Inspiration Trumps Coercion And Motivation

Just read an excellent article on the Business Week site called The Era Of Inspiration which looked at the leaderships styles of Tom Coughlin (NY Giants Coach), Herb Kelleher (former chairman of Southwest Airlines), and Bill Marriott (CEO of Marriott). It discusses three different management styles: coercion, motivation, and inspiration.

Coughlin was considered an “autocratic tyrant,” but became more inclusive, creating a leadership council of 11 players. In effect, he shifted his style from coercion to inspiration. The changed paid off with a Superbowl championship

The article also quoted Kelleher who was Southwest Airlines’ beloved leader:

If you create an environment where the people truly participate, you don’t need control. They know what needs to be done and they do it. And the more that people will devote themselves to your cause on a voluntary basis, a willing basis, the fewer hierarchies and control mechanisms you need.

The article also makes the following key point:

Unlike coercion and motivation, the source of inspired conduct is intrinsic and internal. Inspired employees act on something they believe in; they are in the grip of ideas; they are compelled by a deeper purpose and propelled by values they hold fundamental.

My take: Inspiration is a fundamental part of good leadership; and it’s important that leaders instill a strong sense of purpose with their people.

The bottom line: Get your people do things because they want to, not because you want them to do it.

Written by 

I'm an experience (XM) management catalyst; helping organizations improve results by engaging the hearts and minds of their employees, customers, and partners. I enjoy researching and speaking about leading-edge XM topics. I lead the Qualtrics XM Institute, which is the world's best job. We're igniting a global community of XM Professionals who are inspired and empowered to radically improve the human experience. To achieve this goal, my team focuses on thought leadership, training, and community building. My work is driven by a set of fundamental beliefs: 1) Everything starts and ends with human beings, so you need to understand how people think, feel, and behave; 2) XM is a discipline that needs to be woven throughout an organization's entire operating fabric; and 3) Building the XM discipline requires a combination of culture, competency, and technology.

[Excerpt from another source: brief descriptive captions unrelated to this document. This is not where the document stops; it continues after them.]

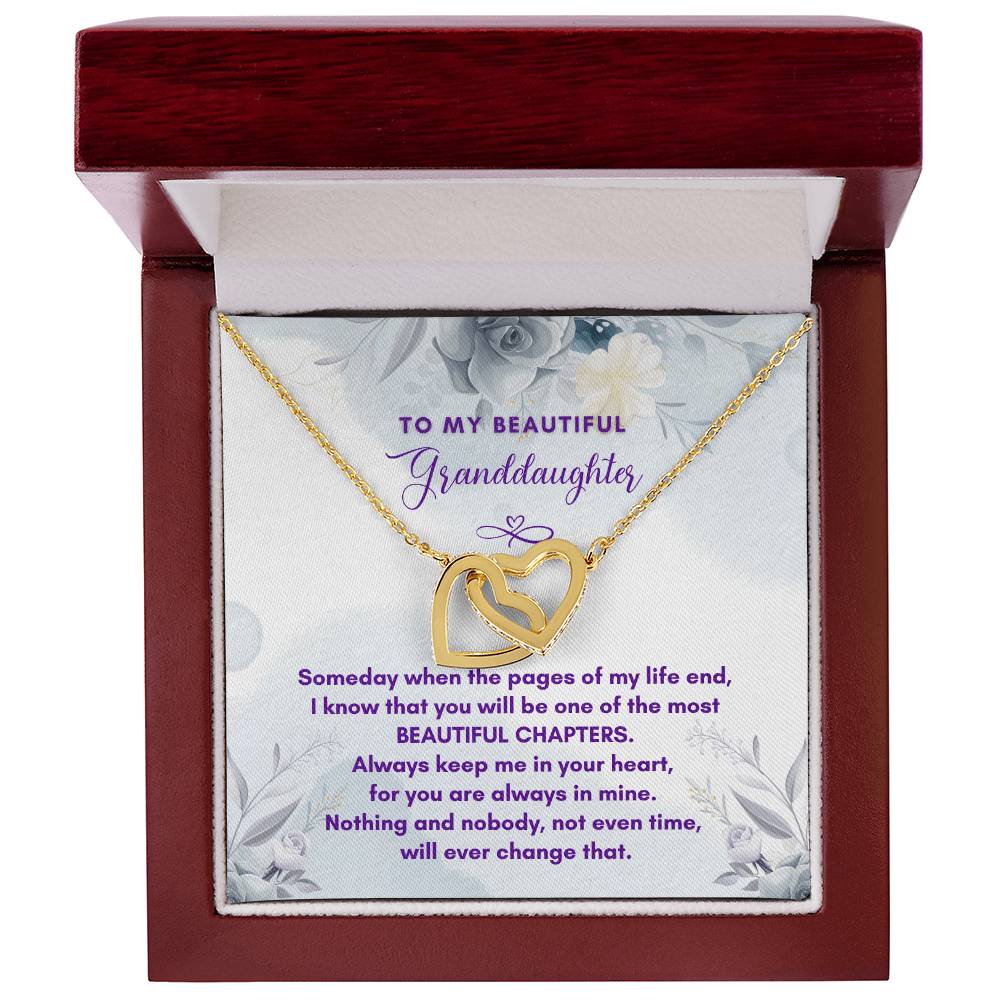 Granddaughter Most Beautiful Chapters Interlocking Hearts Necklace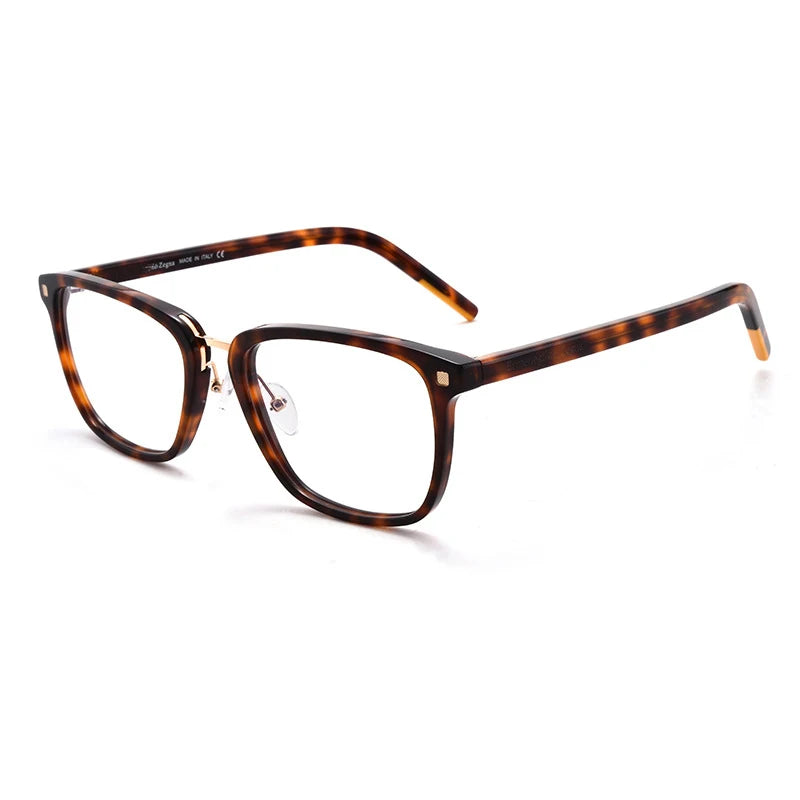 Crystal Acetate Square Prescription Eyeglasses | Transparent Optical Frame for Rx Lenses – CINILY UK - Amber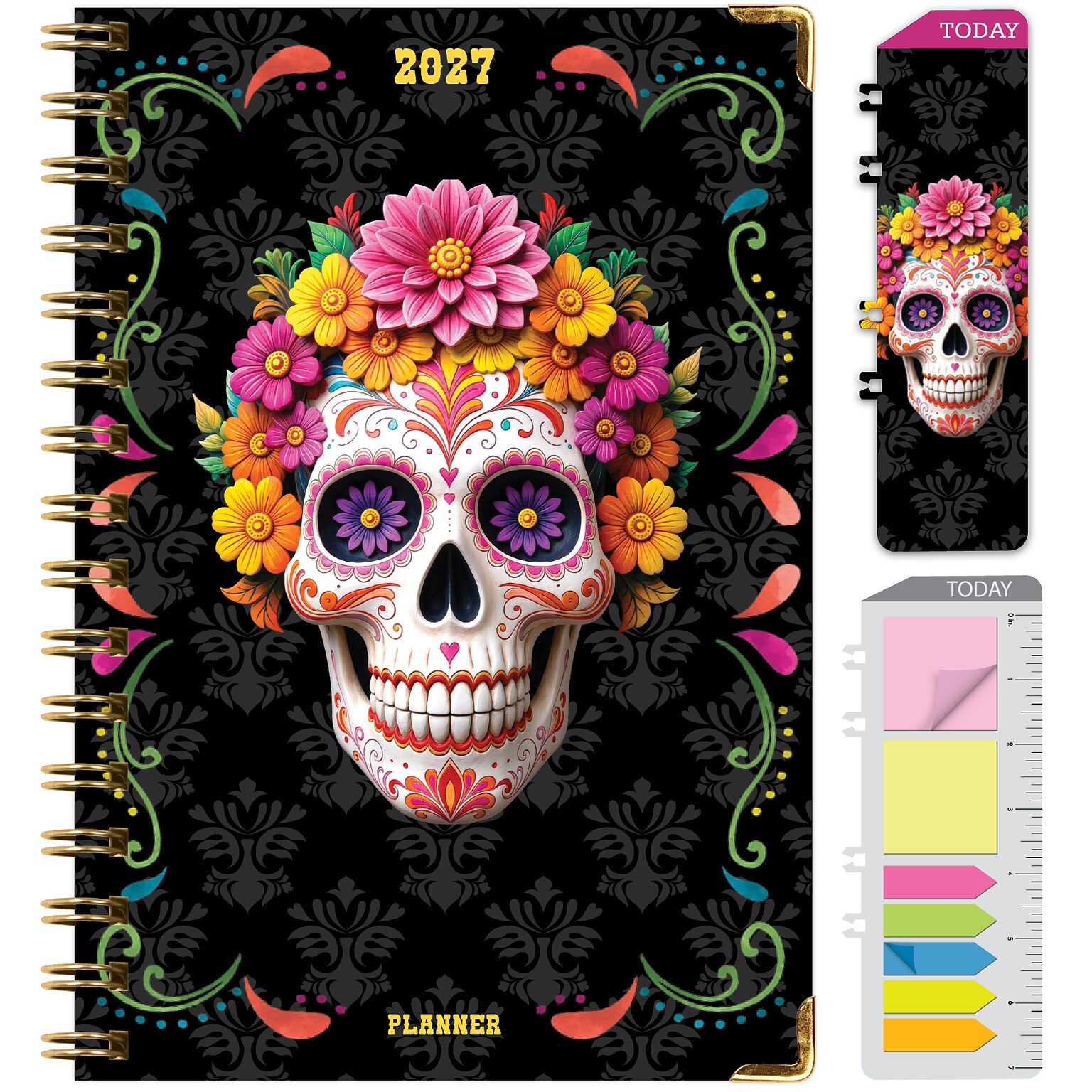 2027 Excello Brands 6 x 8 Weekly & Monthly Standard Planner, Paperboard Cover, Sugar Skull (FSHN-CY27-58-48)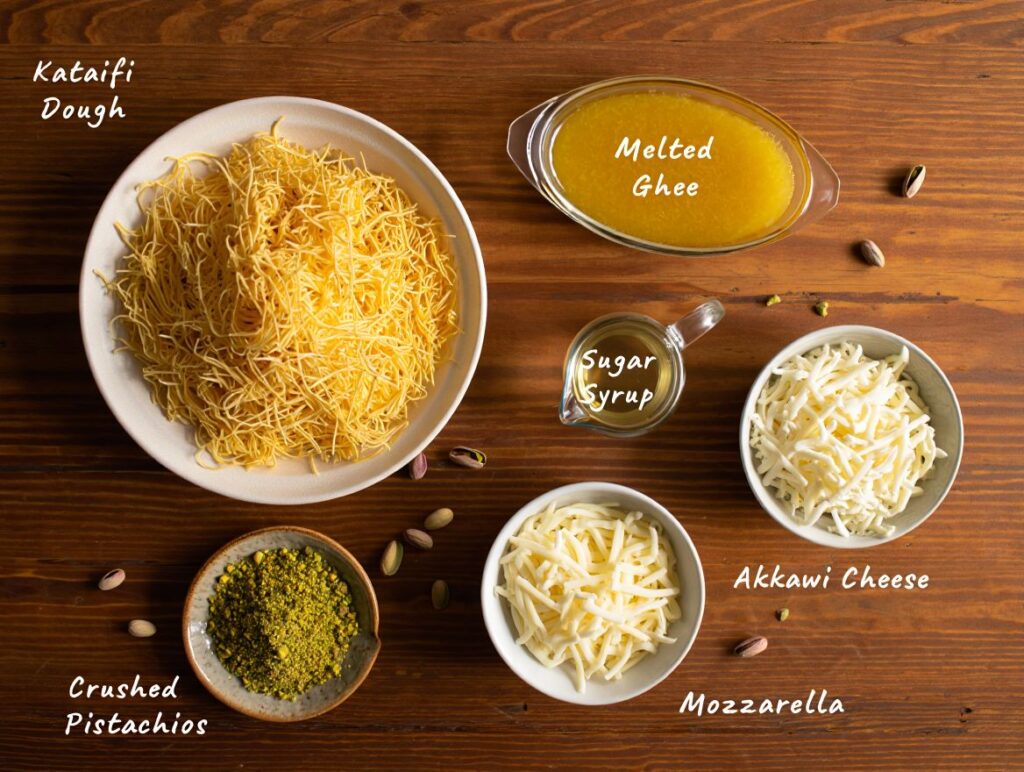Labeled Knafeh Ingredients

2 thoughts on “Inspiration Trumps Coercion And Motivation”

  1. I feel like the original article makes an artificial distinction by implying that an ‘autocratic tyrant’ cannot be inspirational, or really that coercion, motivation and inspiration are different points on the same axis. You don’t pick one of them, they are each a piece of the toolkit, which it seemed the author was on to when he said:

    “Coercion and motivation remain necessary and valuable leadership approaches, but they are no longer sufficient on their own because the world has changed.”

    Maybe it’s an academic point. I doubt anyone would support the notion that uninspired employees or customers are better than inspired ones. =)

  2. Eric: You’re right. Sometimes, in some situations, coercion and motivation are perfectly appropriate. From my experience, though, many leaders underuse the inspirational approach.